In the delta-sigma modulator according to the first embodiment shown in FIG. 1, a control circuit 10 and a variable frequency dividing circuit 11 are added to the components different from the conventional delta-sigma modulator shown in FIG. It is the part that is being done. The variable frequency dividing circuit 11 is provided at the subsequent stage of the square wave generating circuit 9, and its output serves as the third input of the adder 1. Control circuit 10
The control signal, which is the output of, is input to the variable frequency dividing circuit 11.

Next, the operation of the delta-sigma modulator according to the first embodiment constructed as described above will be described.
The variable frequency dividing circuit 11 divides the output of the square wave generating circuit 9. The frequency division ratio of the variable frequency dividing circuit 11 is controlled by a control signal output from the control circuit 10. Then, the output of the variable frequency dividing circuit 11 is input to the adder 1 as dither and added to the analog input signal input from the input terminal, and further subtracted by the output of the D / A converter 8. The output of the adder 1 is output to the output terminal via the integrating circuit 2, the quantizer 6 and the delay circuit 7 as in the conventional delta-sigma modulator shown in FIG. 4, and becomes the output of the present delta-sigma modulator.
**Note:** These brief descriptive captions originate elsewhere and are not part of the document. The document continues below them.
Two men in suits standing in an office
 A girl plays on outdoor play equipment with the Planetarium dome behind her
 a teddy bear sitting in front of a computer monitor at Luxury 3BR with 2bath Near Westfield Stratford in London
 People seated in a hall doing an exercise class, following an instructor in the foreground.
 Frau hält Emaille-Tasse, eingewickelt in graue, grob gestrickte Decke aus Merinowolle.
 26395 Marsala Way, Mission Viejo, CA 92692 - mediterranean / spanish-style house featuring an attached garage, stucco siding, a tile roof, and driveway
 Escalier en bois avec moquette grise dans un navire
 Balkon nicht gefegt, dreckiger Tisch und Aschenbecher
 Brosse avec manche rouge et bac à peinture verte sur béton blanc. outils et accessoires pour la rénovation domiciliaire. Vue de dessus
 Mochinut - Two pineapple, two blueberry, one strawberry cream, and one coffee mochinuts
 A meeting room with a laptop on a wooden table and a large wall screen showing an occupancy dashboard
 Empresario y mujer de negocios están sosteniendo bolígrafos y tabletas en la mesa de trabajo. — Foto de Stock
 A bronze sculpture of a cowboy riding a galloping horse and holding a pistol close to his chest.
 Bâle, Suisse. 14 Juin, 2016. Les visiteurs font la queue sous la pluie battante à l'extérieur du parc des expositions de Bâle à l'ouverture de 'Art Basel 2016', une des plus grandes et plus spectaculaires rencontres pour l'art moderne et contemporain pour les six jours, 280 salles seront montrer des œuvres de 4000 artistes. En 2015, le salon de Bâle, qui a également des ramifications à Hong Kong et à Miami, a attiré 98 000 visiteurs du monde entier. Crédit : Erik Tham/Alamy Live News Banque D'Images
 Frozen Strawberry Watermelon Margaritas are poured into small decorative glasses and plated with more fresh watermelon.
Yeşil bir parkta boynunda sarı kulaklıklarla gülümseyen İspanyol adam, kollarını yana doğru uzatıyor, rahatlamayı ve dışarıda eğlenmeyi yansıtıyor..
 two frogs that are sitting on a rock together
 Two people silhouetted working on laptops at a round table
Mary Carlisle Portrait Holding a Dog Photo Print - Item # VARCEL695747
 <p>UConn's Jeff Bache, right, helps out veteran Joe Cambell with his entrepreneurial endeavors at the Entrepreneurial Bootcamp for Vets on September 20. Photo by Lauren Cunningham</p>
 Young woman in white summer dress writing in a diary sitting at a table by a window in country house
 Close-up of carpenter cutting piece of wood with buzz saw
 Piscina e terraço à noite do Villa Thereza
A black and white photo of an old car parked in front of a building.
The output of the delta-sigma modulator according to the first embodiment is evaluated through a decimation filter provided in the subsequent stage of the delta-sigma modulator for characteristics such as total harmonic distortion and SN ratio, and based on this evaluation. Variable divider 1
By adjusting the control circuit 10 that controls the frequency division ratio at 1, it is possible to determine the optimum frequency dither.
Then, the control circuit 10 stores the frequency division ratio in the variable frequency dividing circuit 11 and controls the variable frequency dividing circuit 11 so that the output of the variable frequency dividing circuit 11 becomes the dither of the optimum frequency.

As a result, the delta-sigma modulator according to the first embodiment can add an optimum square wave as dither to the input signal, and can sufficiently suppress the deterioration of the distortion factor in the output signal. The characteristics can be obtained.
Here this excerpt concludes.